Have we been too hasty to dismiss the possibility of interstellar spacecraft nearby? Are there limits to our sampling depth that we are not fully aware of?
To help find out, in 2022 NASA commissioned an independent study to determine whether current satellites and surveillance systems have sufficient sampling depth to detect “unidentified anomalous phenomena,” or UAPs (government talk for what could be alien spaceships). The researchers’ conclusions:
NASA’s fleet of Earth-observing satellites collect the most data within the Earth system, yet they typically lack the spatial resolution to detect relatively small objects such as UAP…
Commercial satellite constellations provide imagery at sub- to several-meter spatial resolution, which is well-matched to the typical spatial scales of known UAP… The limitation on this data is that at any given time most of the Earth’s surface is not covered by commercial satellites at high resolution—for a particular UAP event, we will need to be fortunate to obtain high-resolution observations from space.
It seems that Earth’s atmosphere is unintuitively large, just as microorganisms are unintuitively small. While the atmosphere is so transparent and so close, we do not have a complete grasp of everything inside it. Consider that the average depth of Earth’s oceans is 2.3 miles, while the atmosphere extends up to about 6,200 miles, where it gradually transitions into space.
If Earth’s atmosphere is truly a rock unturned, why aren’t more astrobiology-minded scientists scrambling to take a peek? (One notable exception is Harvard University astrophysicist Avi Loeb, co-founder of the Galileo Project, an effort to search for and study evidence of UAP activity on or near Earth.) Just as Fracastoro’s colleagues made a series of assumptions about the nature of disease, so has the scientific community made a series of assumptions about technological species.
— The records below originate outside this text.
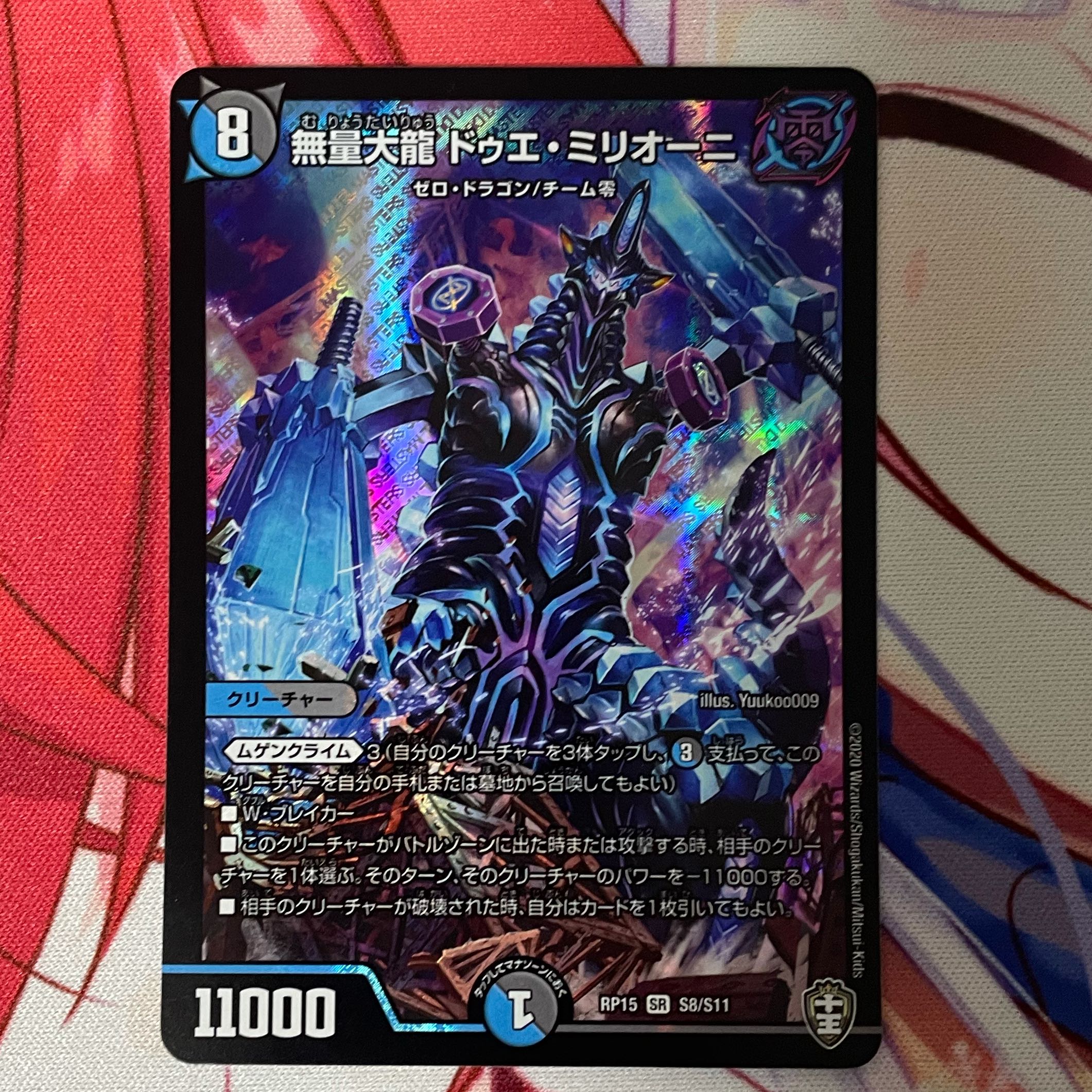 無量大龍 ドゥエ・ミリオーニ SR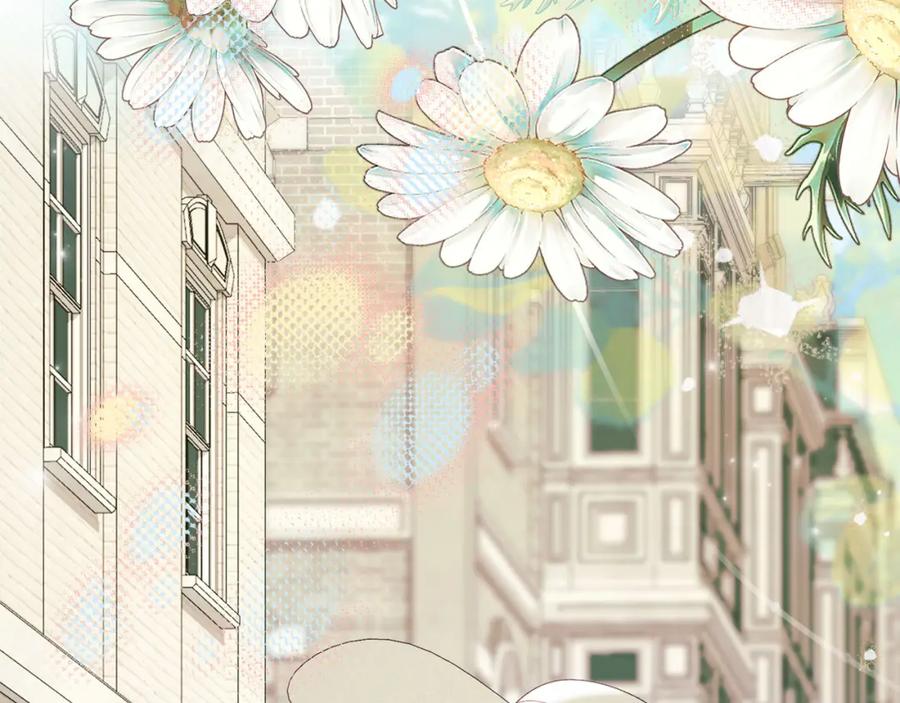 默许侵占 - 第35话 纪念邮票 - 第27张图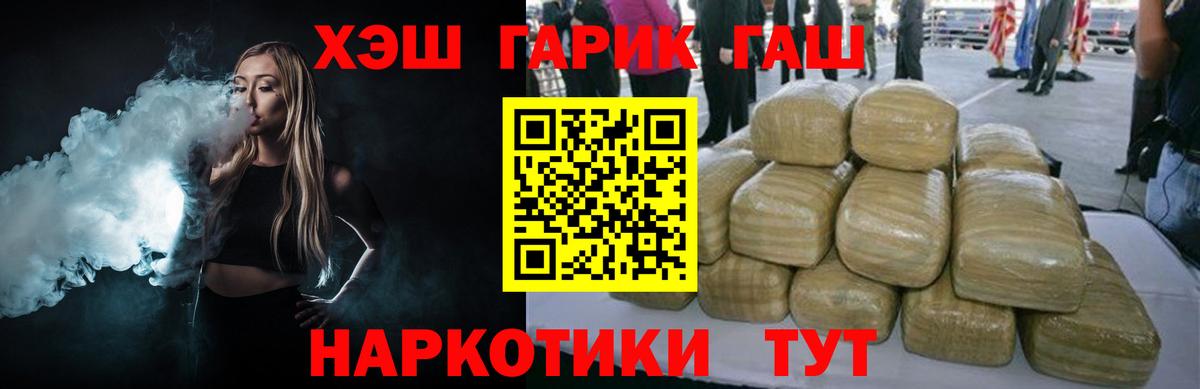 ГАШ VHQ  Вход с VPN  Гашиш  Междуреченск 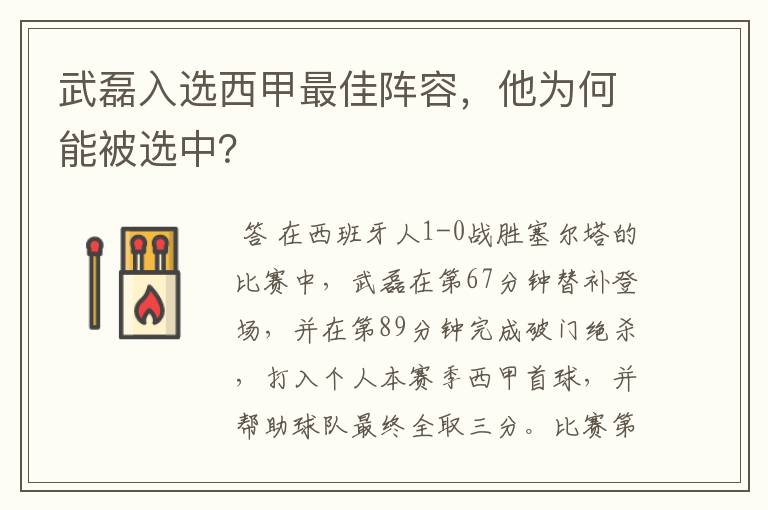 武磊入选西甲最佳阵容，他为何能被选中？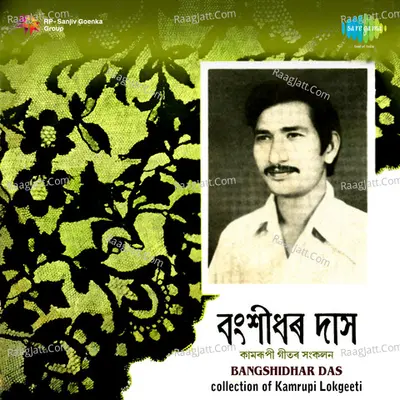 Bangshidhar Das - Collection Of Kamrupi Lokgeeti - Bangshidhar Das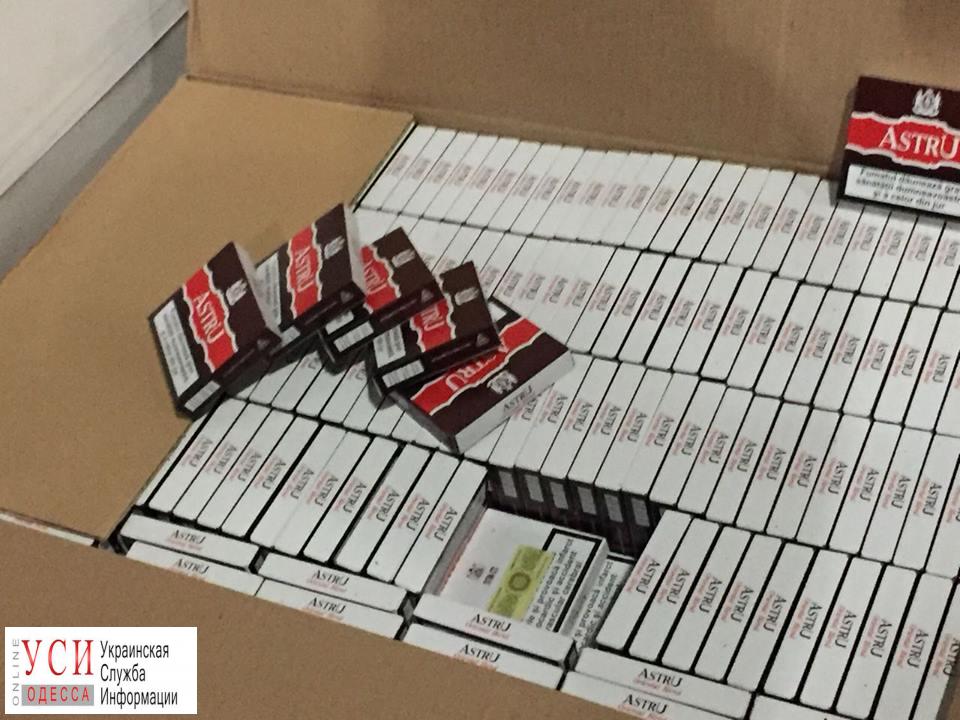 В Одесскую область завезли 73,5 тысячи пачек контрабандных сигарет (фото) «фото»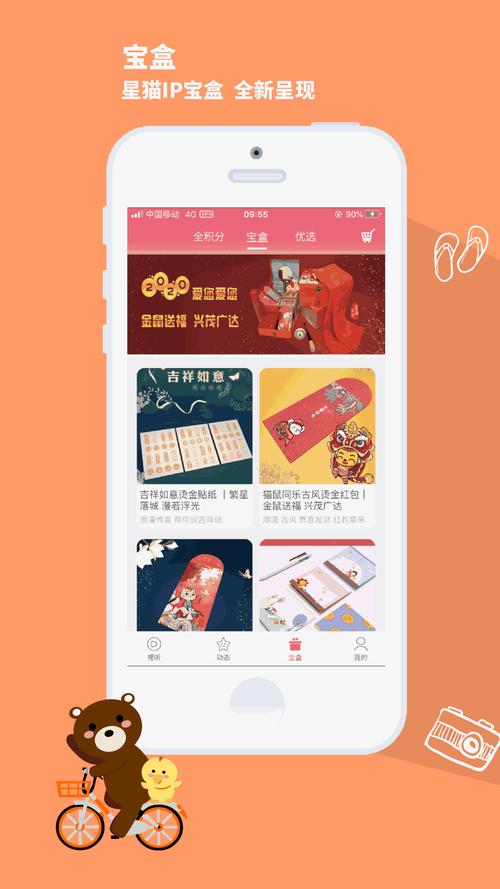 星猫乐园 v4.2.287最新版，安装了的用户都说好！ - 腿腿教学网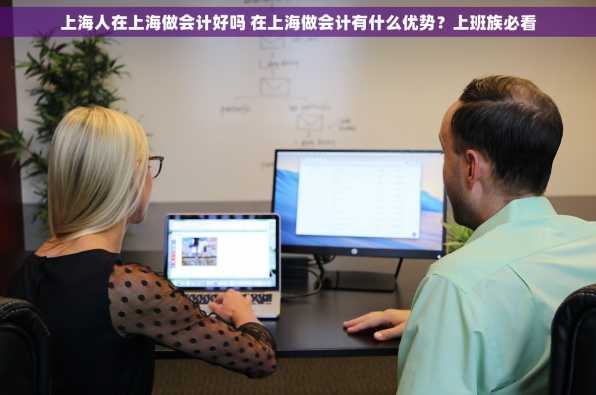 上海人在上海做会计好吗 在上海做会计有什么优势？上班族必看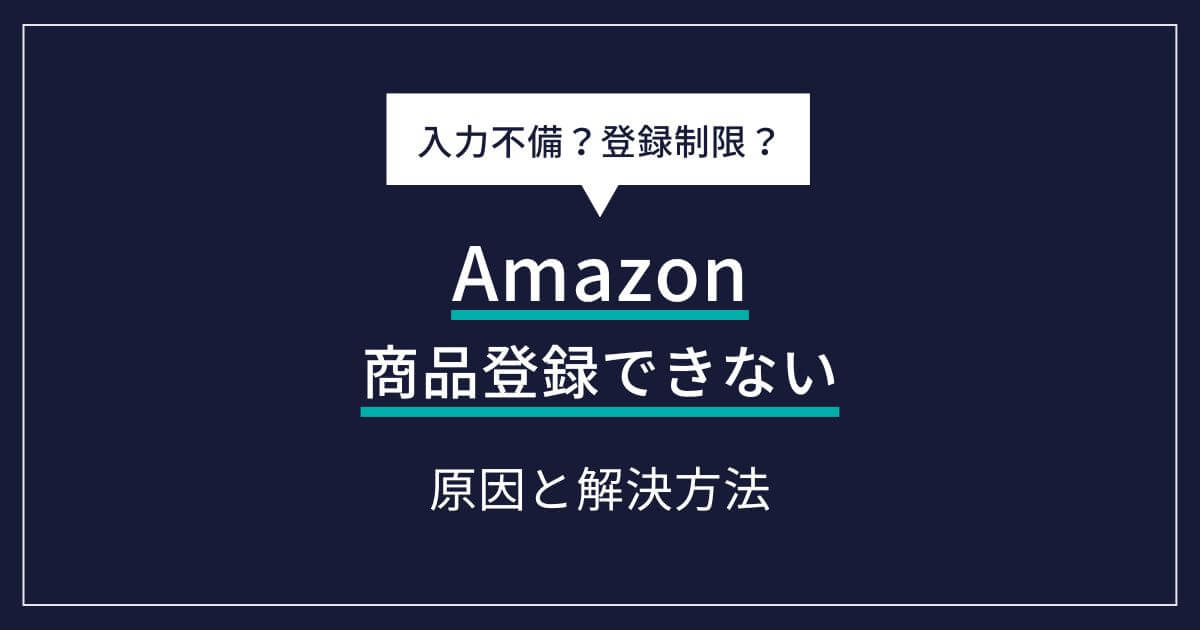 Amazonで商品登録できない！5つの原因と具体的解決策 | ECの相談室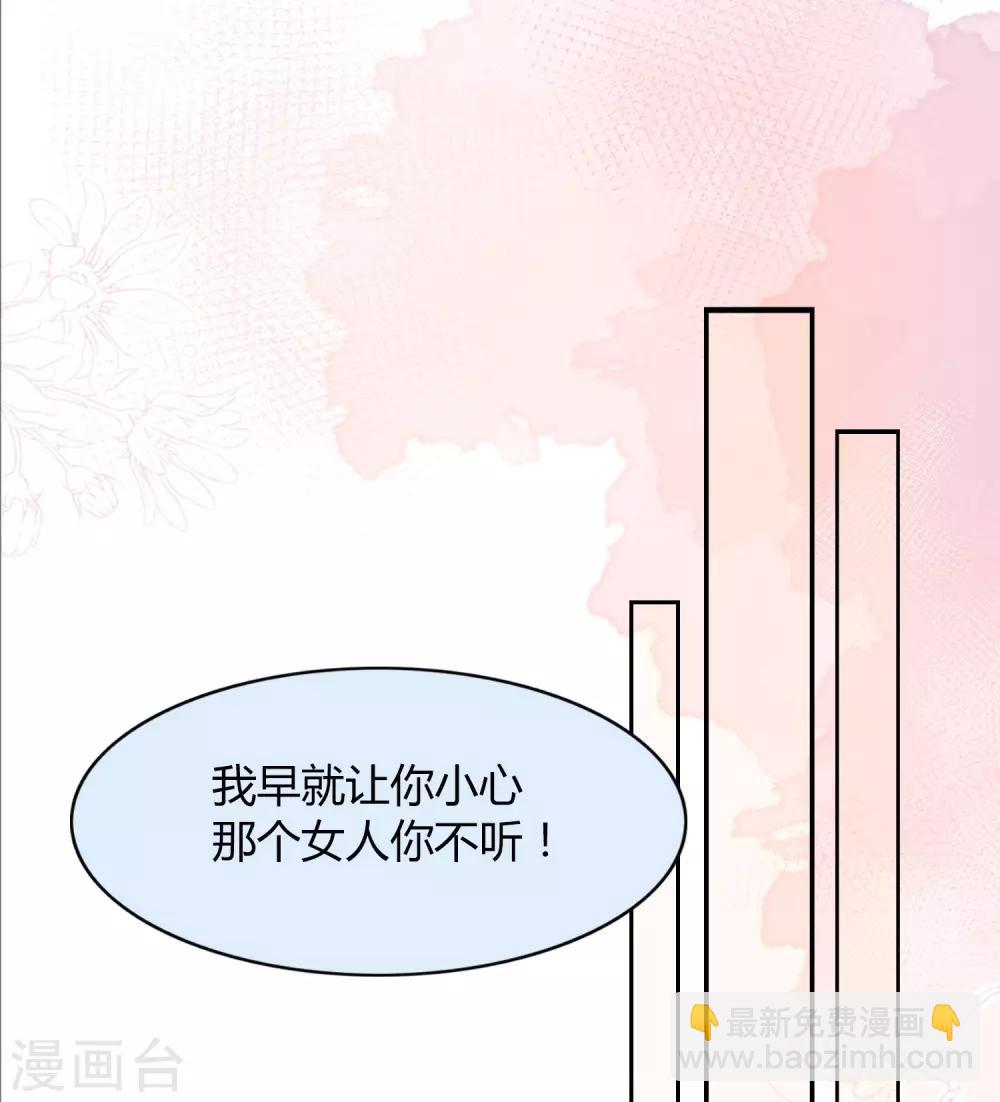 第16话 你怎么满脑子都是秦瑶？！(1/2)-第23话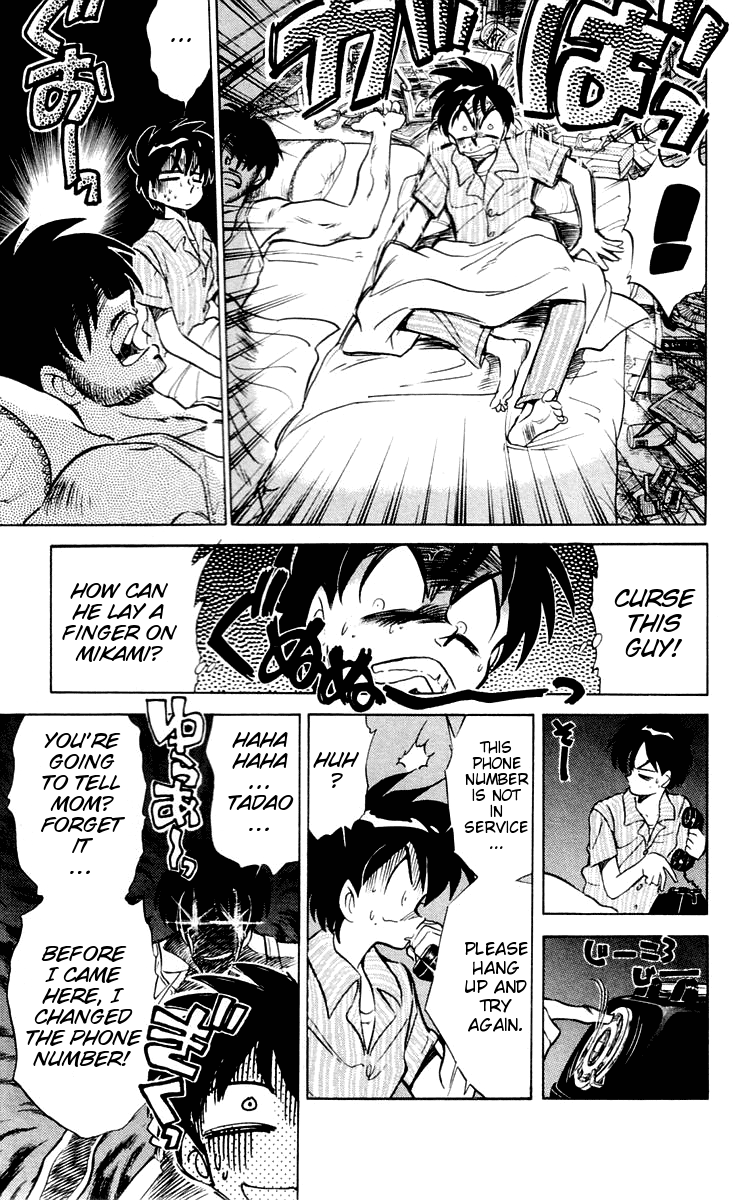 Ghost Sweeper Mikami Vol.6 Chapter 5 page 3 - Vol.6 Chapter 5: Report 5 - Dad's Here!! (Part Two)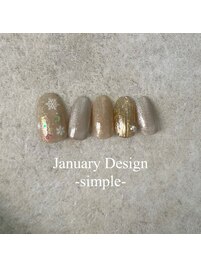 25年1月シンプルハンド定額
Foremost among these is the idea that alien spacecraft in the solar system or cosmic civilizations percolating through the Milky Way would emit unmistakably prominentsignals. This notion encourages us to look for displays of cosmic technological might that could be considered absurdly wasteful and impractical. In turn, it discourages us from seeking out quieter, more subtle forms of alien technology, even though they may be more common.
From our privileged position in history, we know that advances in energy use often come with increases in efficiency, not simply increases in size or expansiveness. Think of the modern miniaturization of smartphones versus the mid-20th-century trend of computers that filled up whole rooms. Perhaps we should be looking for sophisticated and compact alien spacecraft, rather than motherships spewing misused energy.
With this in mind, we can imagine going back to 1950 and rephrasing Fermi’s famed lunchtime question.
His shirt ripples in a hot desert wind. He looks up at the sky.
“Where are all the loud, obvious indicators of aliens?” he asks.
When phrased like this, the simplest explanation stands out like a sore thumb. Perhaps aliens don’t leave loud, obvious indicators. Perhaps their vehicles are nearby, and perhaps no one has bothered to check properly—yet.